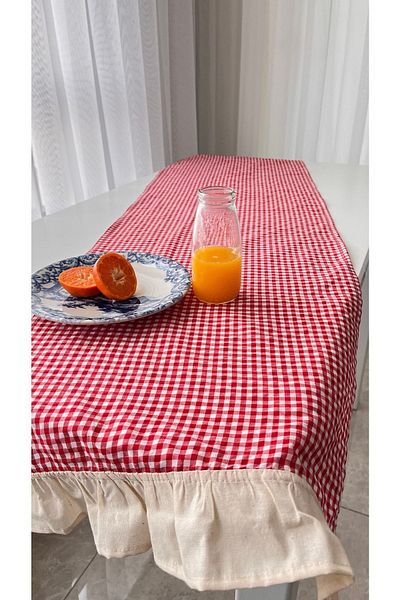 White Alamode Ruffled Red Gingham Runner 40x140 Cm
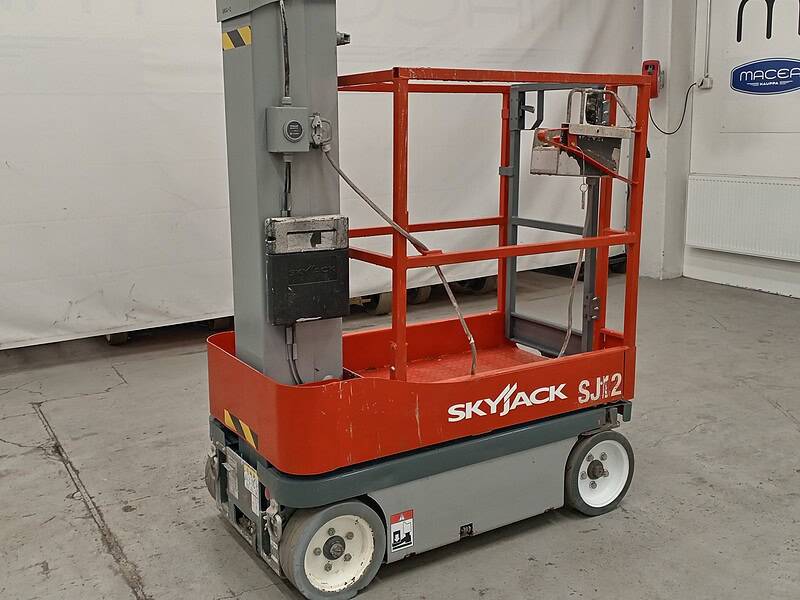 Skyjack SJ12 Teleskooppipuominostin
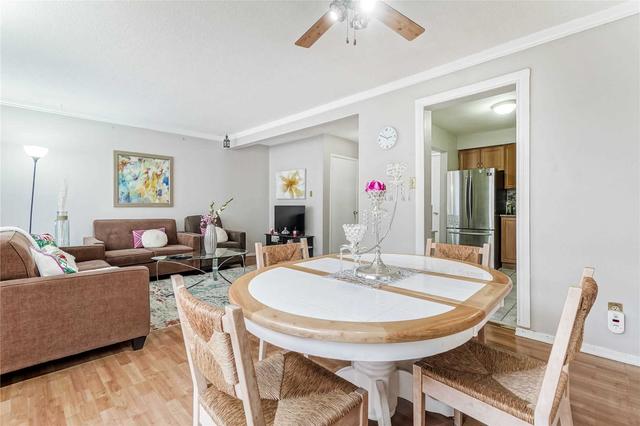 22 Sandringham Crt, Townhouse with 4 bedrooms, 3 bathrooms and 2 parking in Brampton ON | Image 7
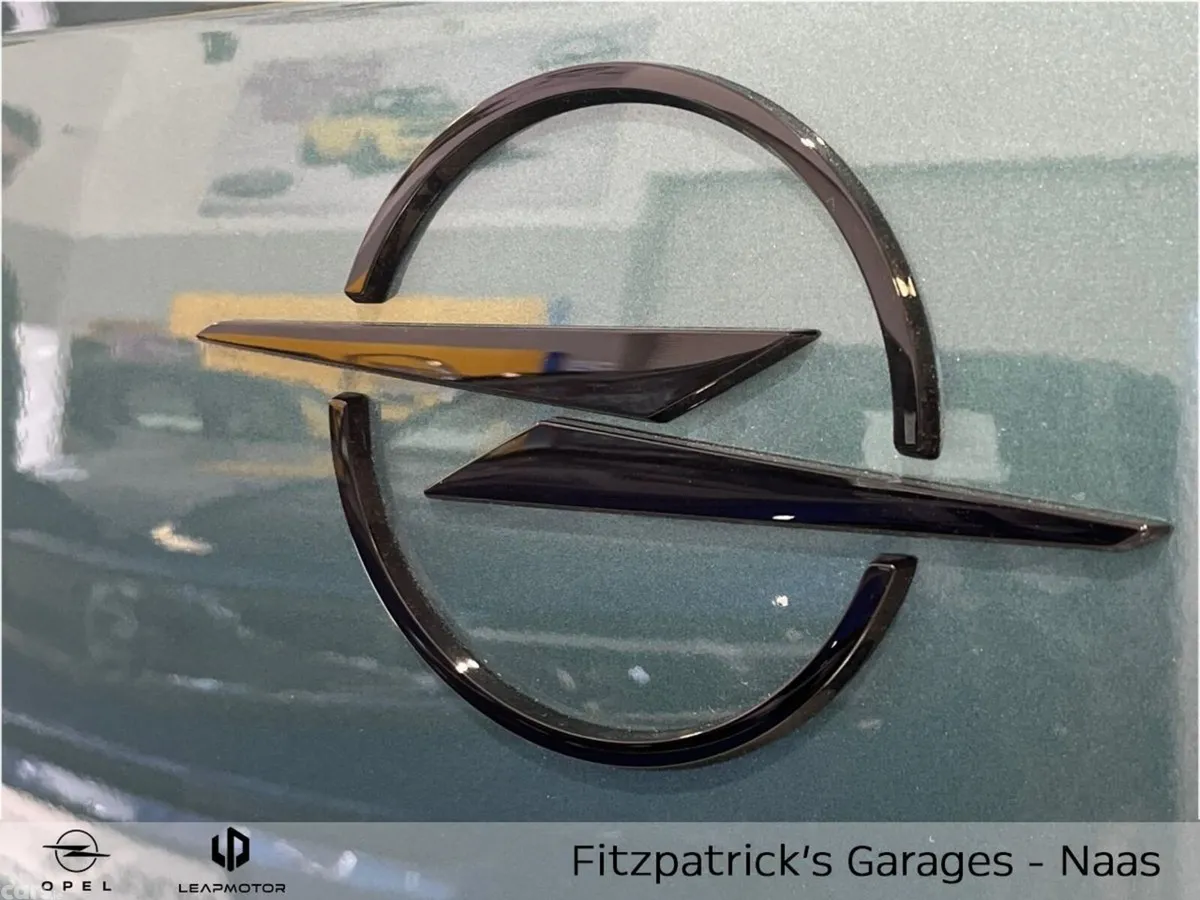 Opel Frontera SUV, Petrol Hybrid, 2026, Green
══════
Task instructions —
Could you give the material above again, exactly and without its pictures?

Task result —
 White Alamode Ruffled Red Gingham Runner 40x140 Cm
 Skyjack SJ12 Teleskooppipuominostin
 22 Sandringham Crt, Townhouse with 4 bedrooms, 3 bathrooms and 2 parking in Brampton ON | Image 7
 Opel Frontera SUV, Petrol Hybrid, 2026, Green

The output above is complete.